Illustration: Robert Neubecker
The 2024 policy is a stricter version of the University’s earlier effort to curb electric scooter usage

Anika Asthana ’25
Photo: Angel Kuo ’24

A year ago, electric scooters were a staple of campus life. Princeton students could be seen whizzing down walkways between classes or on their way to extracurricular activities. Today, electric scooters have become rare, as the University has banned and subsequently confiscated the once-prominent vehicles.

To substantially reduce the use of personal electric vehicles (PEVs) such as scooters and e-bikes, Princeton’s Department of Environmental Health and Safety (EHS) announced in December that PEVs could no longer be “used, stored, parked, or charged” within a zone that covers the majority of campus, including academic buildings, the residential colleges, Princeton and Roberts stadiums, and the boathouse. The policy went into effect on Jan. 25.

The 2024 policy is a stricter version of the University’s earlier effort to curb electric scooter usage. Previous regulations, implemented in August 2023, banned PEVs on weekdays between 7:30 a.m. and 4 p.m. The original policy, intended to address safety issues, was met with mixed reactions from the student body and ultimately did not have a substantial impact on reducing PEV usage.

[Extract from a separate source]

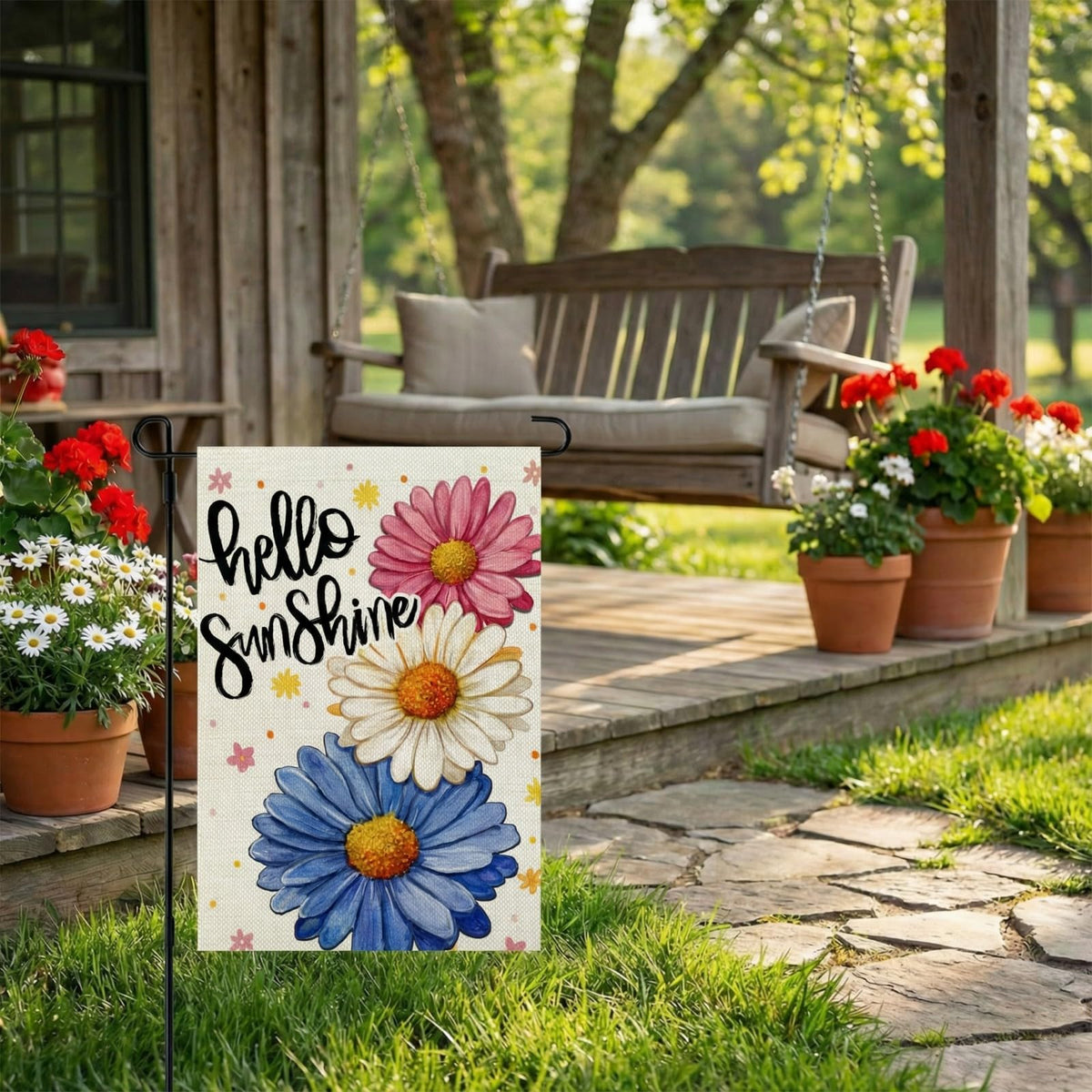 CROWNED BEAUTY Hello Sunshine flag, UV-resistant fabric preserves color outdoors.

In an email to the campus community, EHS wrote, “Despite efforts to educate the campus community about the updated policy and alternatives for getting around campus safely, compliance with the new PEV restrictions has been low.” A third-party consultant assisting the University with mobility planning “found nearly the same levels of e-scooter use during restricted hours in October 2023 as those seen in February 2023.”

The lack of impact from the initial policy might have stemmed from the lack of enforcement. As Madeline Cramer ’26 told PAW, “Nobody I know has ever gotten a ticket for riding a scooter.”

When the 2024 ban was announced, students still had their doubts about whether the University would actually enforce it, said Masha Khartchenko ’24. Scooter owners were told to remove their vehicles from campus, and Princeton offered a free shipping service to send them home. In late January, just before the start of spring semester classes, the University began impounding unattended scooters. Just over 100 PEVs had been impounded as of early March, according to the Department of Public Safety.

Some students have turned to electric bikes to manage their busy schedules and the expanding campus footprint. With the University’s current policy, e-bikes in “electric-assist” mode are permitted on campus roadways. Electric bikes are only allowed on pedestrian pathways and sidewalks if they are used in “traditional” mode and must yield to pedestrians at all times.

Despite these stipulations, increased e-bike usage might become the University’s next focal point. “I understand the reasoning behind the policy, but walking honestly feels more dangerous than before now that lots of people have replaced scooters with electric bikes that are bigger and faster,” said Sterling Hall ’25.

For now, the University’s enforcement efforts are focused on keeping scooter usage under control. Students reported seeing Princeton staff cutting locks off scooters and piling the unauthorized vehicles into a pickup truck. Owners can claim their devices for return by completing an online form.

In addition to confiscation, the University has been encouraging other methods of transportation. Princeton’s Bike Library loans out a fleet of 100 Breezer bikes, which are “professionally refurbished and ready to ride.” The bikes are marketed as cheap, effective alternatives to PEVs, and cost $25 to rent for one semester, or $40 for the year. By mid-February, the rental requests closed as all available bikes had been claimed for the spring semester.

By one admittedly anecdotal measure, Khartchenko said, the University’s strict enforcement of the ban has been effective. “The number of times that I got hit by a scooter last year was one, and this year it was zero,” she said. “I would say that is a positive trend.”